Le 18 août 1950, le Conseil de l'Europe (qui avait été créé en 1949 pour défendre les droits de l'Homme et promouvoir la culture européenne) cherche un symbole pour le représenter. Une commission est mise sur pied avec comme rapporteur Robert Bichet : député du Mouvement républicain populaire (MRP) de Seine-et-Oise (1946-1958) et alors vice-président de l'Assemblée parlementaire du Conseil de l'Europe (1949-1959). Il sera par la suite maire d'Ermont (1959-1971), conseiller général du Val-d'Oise, canton d'Ermont (1967-1976), et conseiller régional d'Île-de-France. Le Belge Paul-Henri Spaak, l’un des pères de l'Europe (avec les MRP français Robert Schuman et Jean Monnet, etc.), qui est socialiste, marmonne alors : « Question délicate » ! Elle le fut …
International_Paneuropean_Union_flag.pngLa commission en reste à des considérations générales : simplicité, lisibilité, harmonie, esthétique, équilibre, valeur symbolique. Elle reçoit de nombreux projets dont un « E » vert (pour signifier sans doute l’espérance !) sur fond blanc, ou encore le drapeau du Mouvement pan-européen avec en son centre une croix rouge sur fond bleu azur (avec déjà les 12 étoiles). Mais les socialistes et les Turcs (car la Turquie est membre de ce Conseil de l’Europe) y voient une croix chrétienne et s’y opposent. Un styliste japonais, quant à lui, veut représenter les 15 Etats par autant d’étoiles dorées sur un fond bleu ; il propose de disposer ces étoiles selon la géographie réelle des Etats ce qui donne une constellation qui ressemblait à la Grande Ourse !

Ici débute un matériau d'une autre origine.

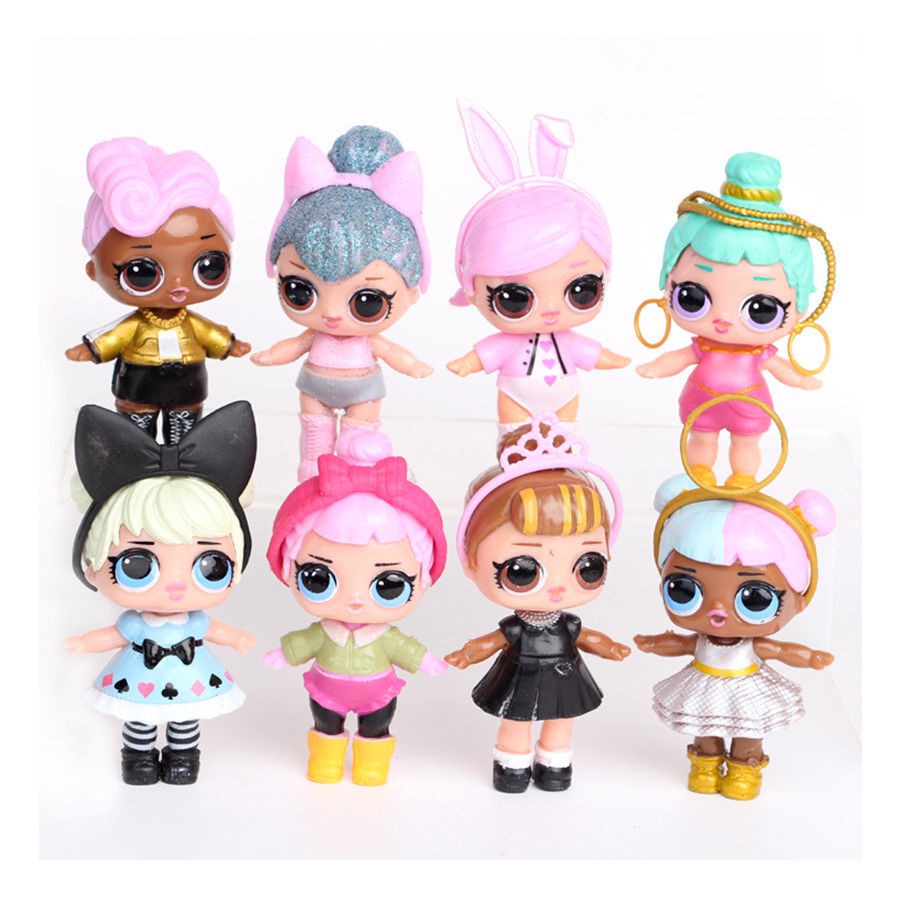 lol series dolls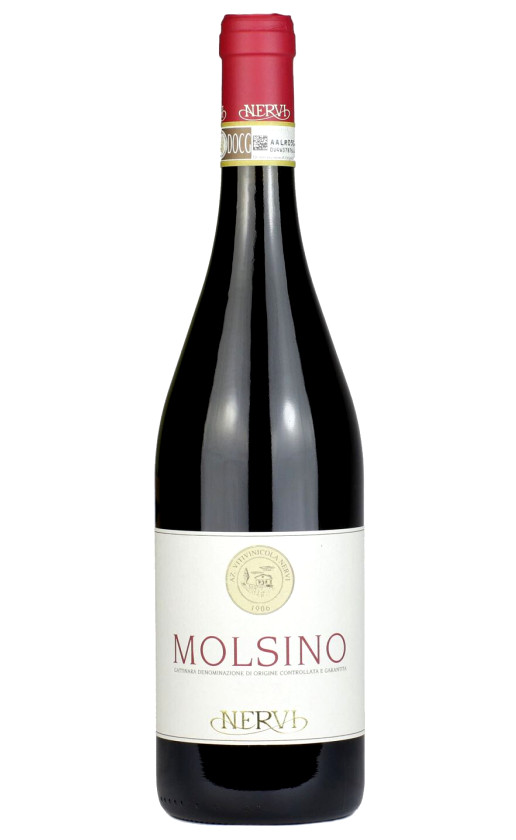 Wine Nervi Molsino Gattinara 2013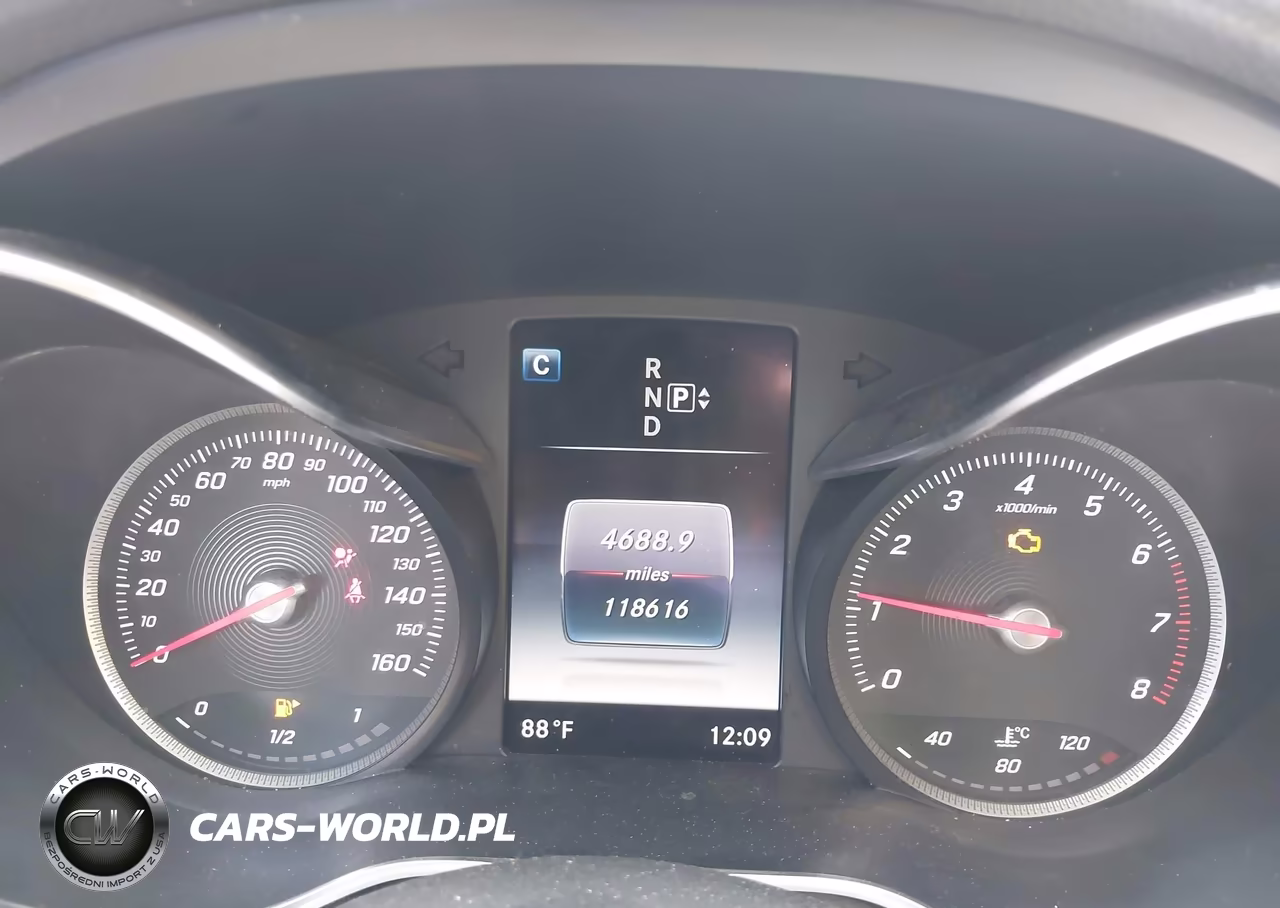 2015 Mercedes-Benz C 300 4Matic VIN:55SWF4KB7FU018275 - 7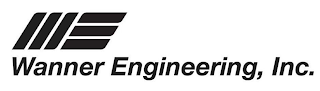 WE WANNER ENGINEERING, INC.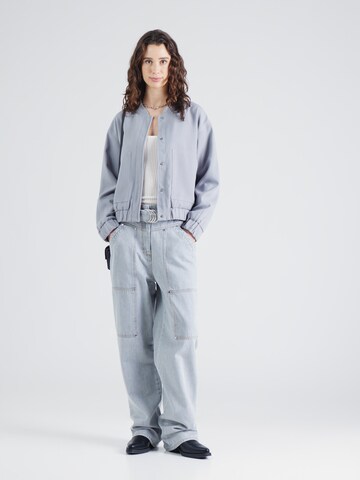 PIECES - Chaqueta de entretiempo 'PCANNIE' en azul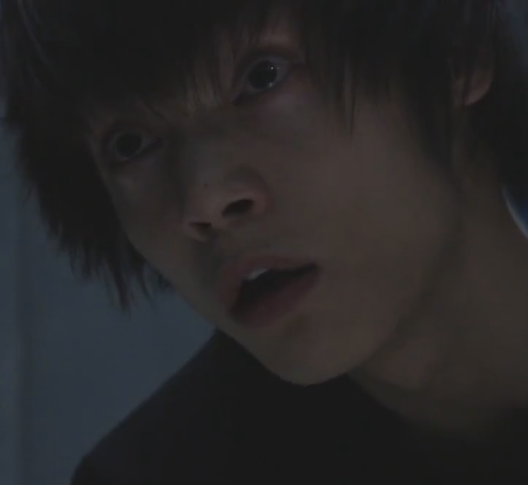 Image: Kira in Death Note 2015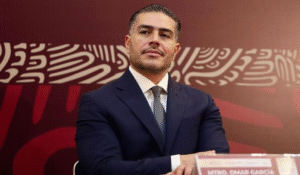 Omar García Harfuch niega supuesto atentado en su contra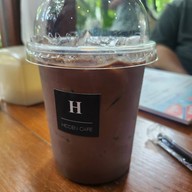 Hidden cafe  แหนมเนืองลับเล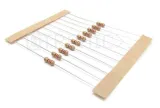 10x rezystor 1K Ohm 1/4 Watt 5% – 1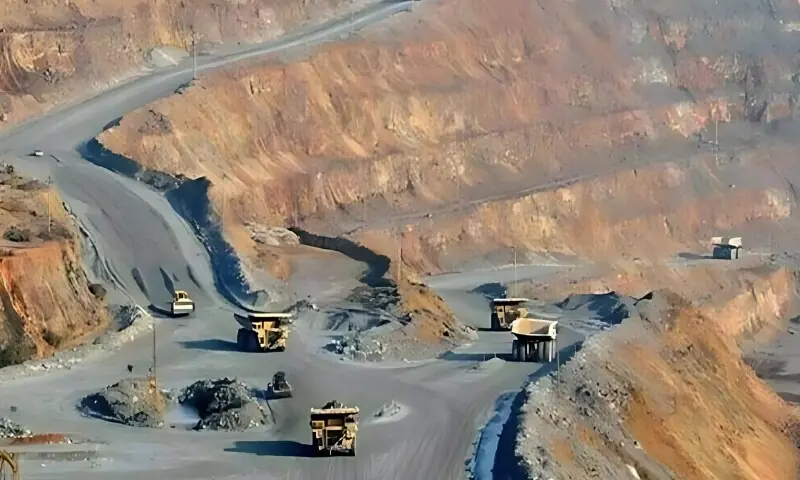 اقتصادی رابطہ کمیٹی نے ریکوڈک معاہدوں کی منظوری دے دی – Business & Economy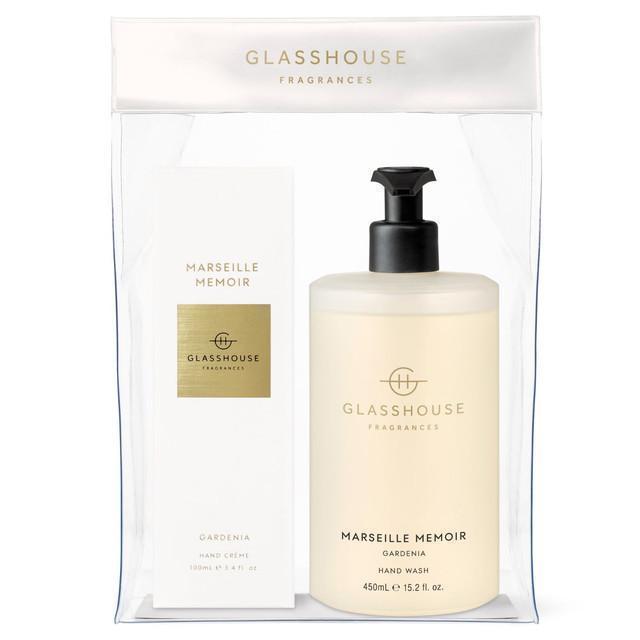 Glasshouse Fragrances 550ml Marseille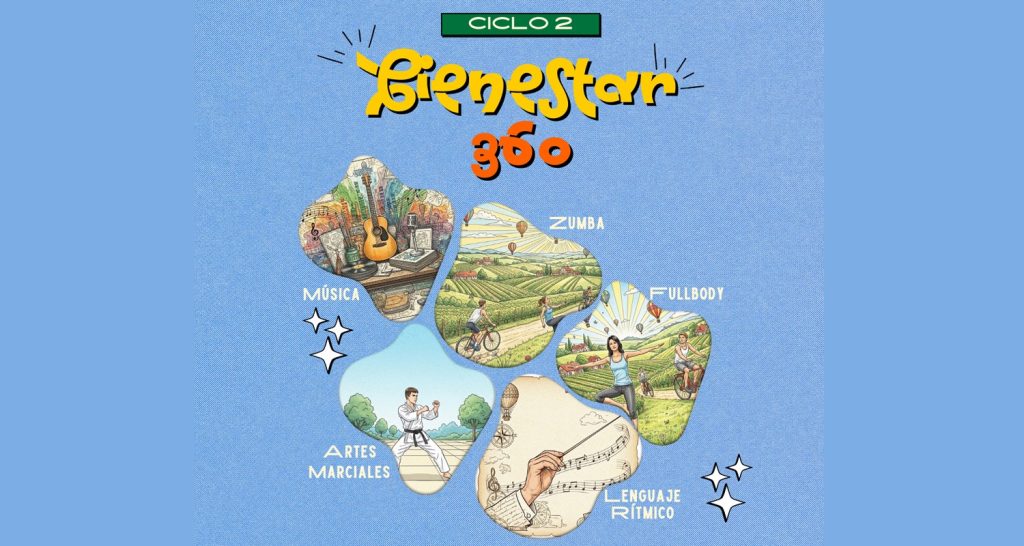 Inscribe tu Segundo Ciclo de Bienestar 360 Inscribe tu Segundo Ciclo de Bienestar 360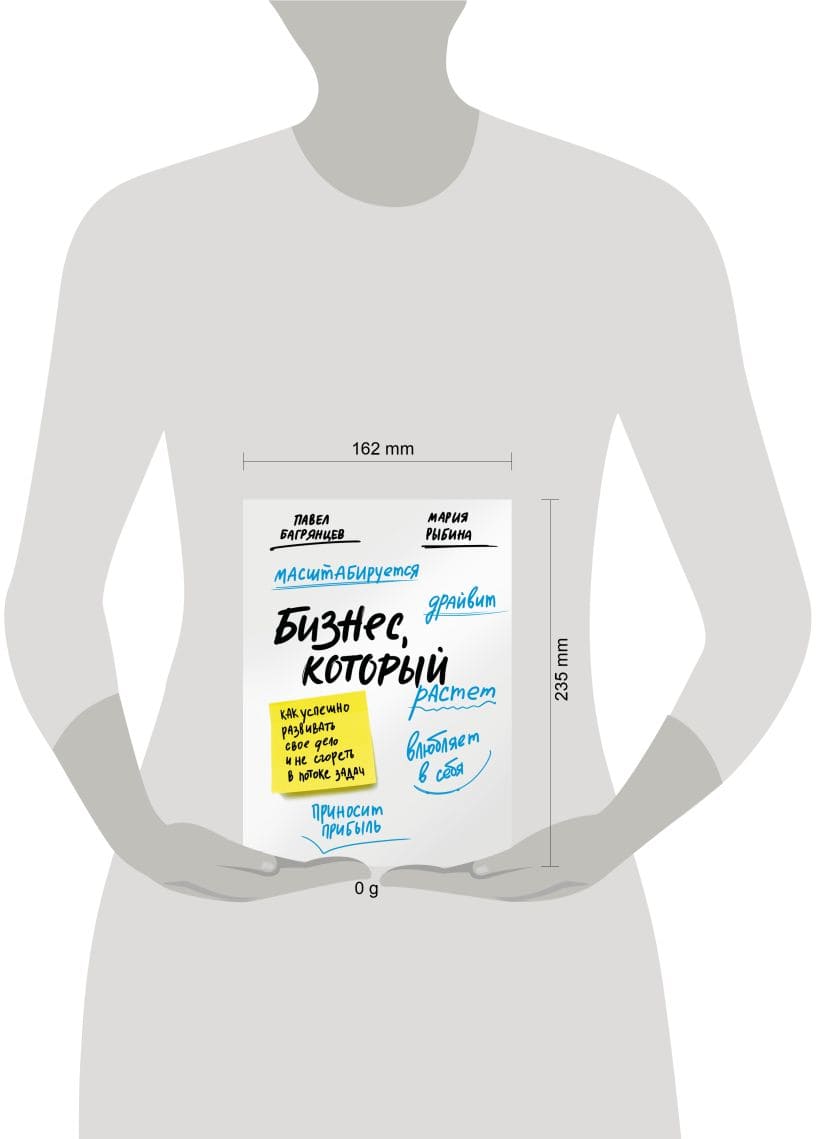 Бизнес, который растёт. Как успешно развивать своё дело и не сгореть в потоке задач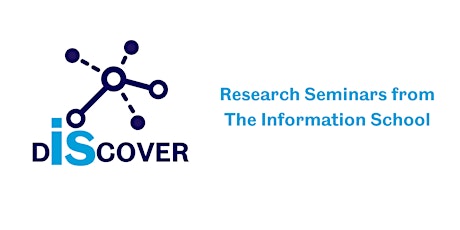 DisCOVER Seminar - Information knowledge management in IL & social capital biglietti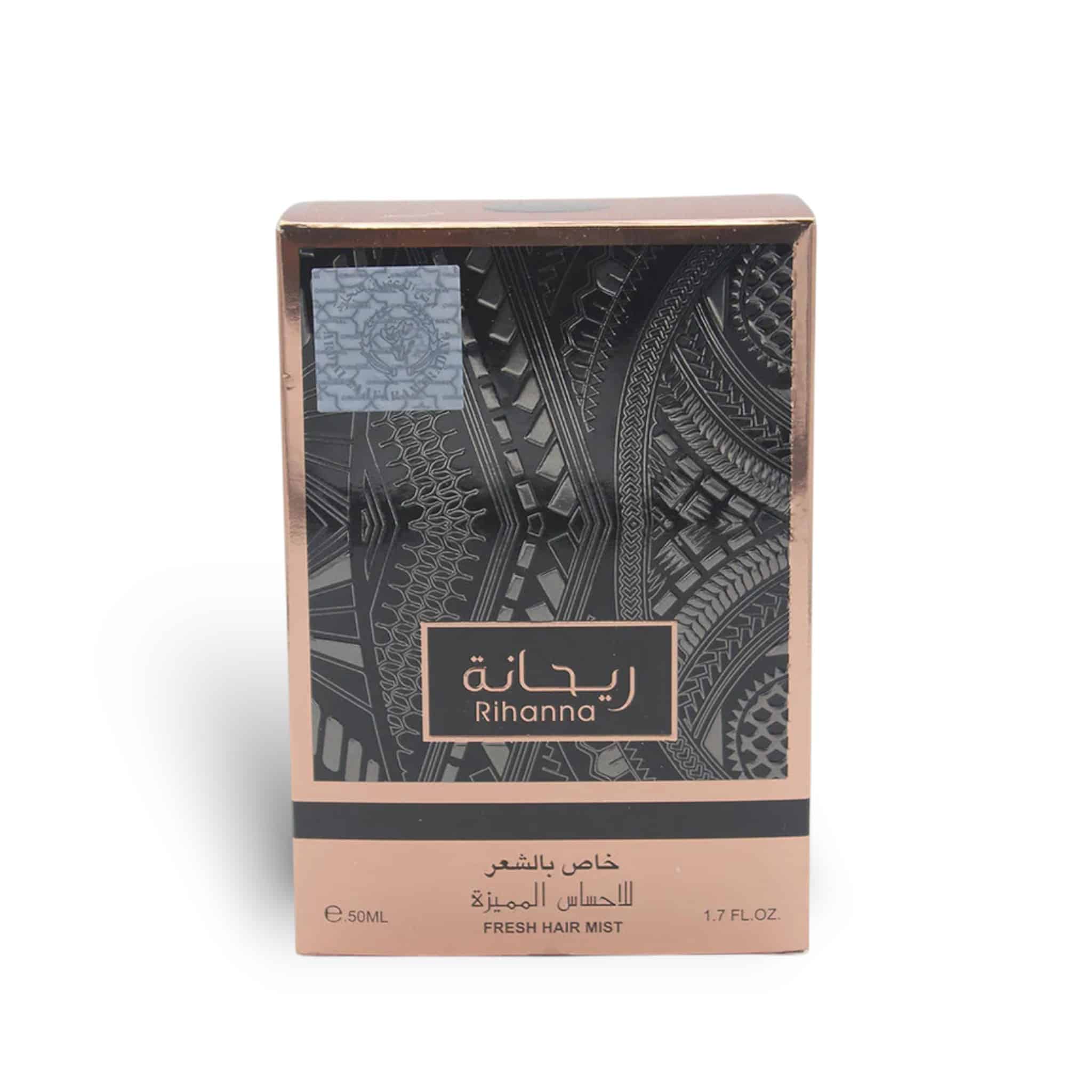 Rihanna Fresh Hair Mist 50Ml By Ard Al Zaafaran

C’est alors qu’intervient Paul Marie Gabriel Lévy (1910 - 2002) qui s’occupe de l’information au Parlement européen de Strasbourg. Il était, de formation, ingénieur commercial et licencié en sciences économiques (de l’Université libre de Bruxelles). Résistant belge, de sympathie socialiste, il milita au lendemain de la Guerre à L'Union démocratique belge (UDB) qui visait à rapprocher les socialistes et les sociaux-chrétiens (ses membres étaient principalement des sociaux-chrétiens). Après un échec aux élections de 1946, le parti est dissous, mais l'idée du rassemblement des progressistes restera cependant vivace en Wallonie. Il avait soutenu le projet consistant à avaliser le drapeau du Mouvement pan-européen, mais son rejet, fait qu’il est désormais intéressé par les étoiles du styliste japonais. Il s’adresse alors à un peintre qui travaillait au service du courrier du Parlement à Strasbourg, Arsène Heitz (1908-1989), lequel s’était manifesté en déposant de lui-même des projets. C’est ce dernier qui dessina les 12 étoiles dorées sur fond bleu que nous connaissons.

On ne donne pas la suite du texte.